On the 26th of August my PC was infected by malware. Ever since I've been trying to get my PC to perform as it did prior to the infection, with little success.
The infection occurred following McAfee's bad update. I downloaded Instaquotes (an iPad app) using iTunes when windows 7 action centre popped up reporting that several storage device controllers drivers were incompatible -- drivers that were issued by my motherboards manufacturer and had worked fine for the previous 18 months without any problems. Meanwhile McAfee firewall indicated that my NAS was launching a DDOS Smurf attack on my PC, odd considering that my NAS is behind two NAT routers and could not be reached from the internet.
Sophos later publicised that the ”Instaquotes-Quotes Cards for Instagram” app was infected with Win32/VB.CB.
I decided that I might as well nuke and pave. I did this by completely powering my PC down (at the mains) then, keeping the PC off, switch mains power back on and flash the PC's BIOS with a known-good BIOS image using my Rampage III Extreme's flash while off feature. I then booted the PC and set the BIOS settings identical to the previous settings (using photos taken months previously as reference). Next, I booted from CDROM and zero formatted the HDD completely. Powered off. Powered on, booted from Windows 7 Ult 64bit CD, built new partitions, installed Windows etc.
I then attempted to install McAfee Total Protection 2012, but the installations failed mid way. After several abortive attempts I eventually got McAfee to install. However windows action center started to report that no antivirus product was active. The system tray icon appeared tp show McAfee Total Protection was working fine.. I installed and used MVT to check. It found problems, which it then fixed. However, McAfee continued to fail to start up properly. MVT repeatedly found the same problem and fixed it.

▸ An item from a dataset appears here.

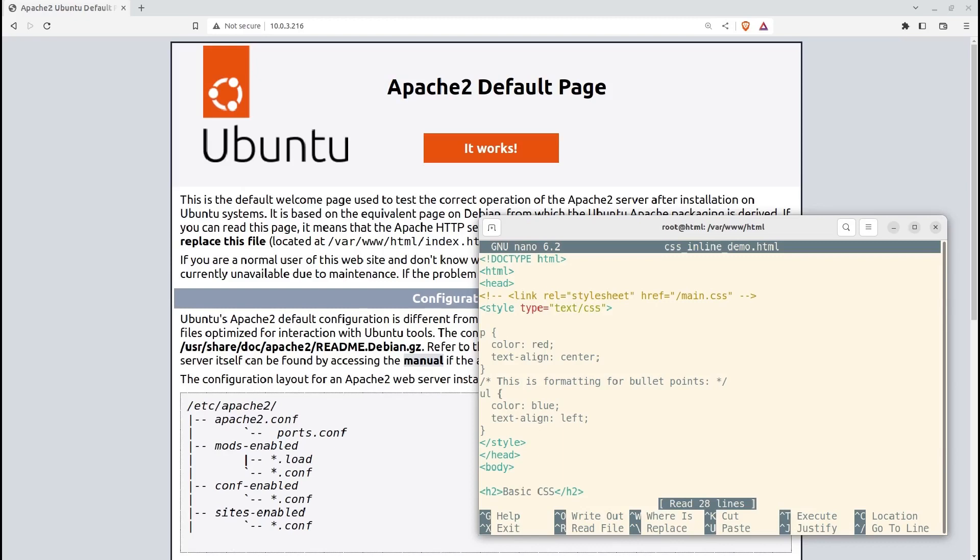Notice also how we can refer to colors by name. We'll see more examples of that later. But be aware that you can also identify colors by their hexadecimal codes.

I then noticed that "Checking NVRAM" appears just before Windows starts to load (i.e. after RAID blurb appears) while booting up. I'm using the same 1502 BIOS with the same settings as those prior to the infection. The "Checking NVRAM" message never used to appear prior to the infection.
Windows action centre then started to identify various storage device controllers (Marvell 9128, USB 3.0, SATA II) drivers as incompatible. More recently the power management drivers are beinfg shown as incompatible. The drivers are those issued by Asus for the Rampage III Extreme motherboard. Reinstalling them seems to fix the compatibility issues for a while.
I've tried scanning my PC for viruses using McAfee Total Protection 2012 and a variety of other well known commercial products, both from within Windows, and via bootable CDROMs. All show that the system is virus free.
I now suspect that Win32/VB.CB was used to deliver firmware malware. Unfortunately there appears to be no way to check firmware integrity at the moment.
Is there any method or utility that I can use to check my PC's firmware. Does McAfee have plans to provide a DeepSAFE product for home users?
At this point any advice would be useful.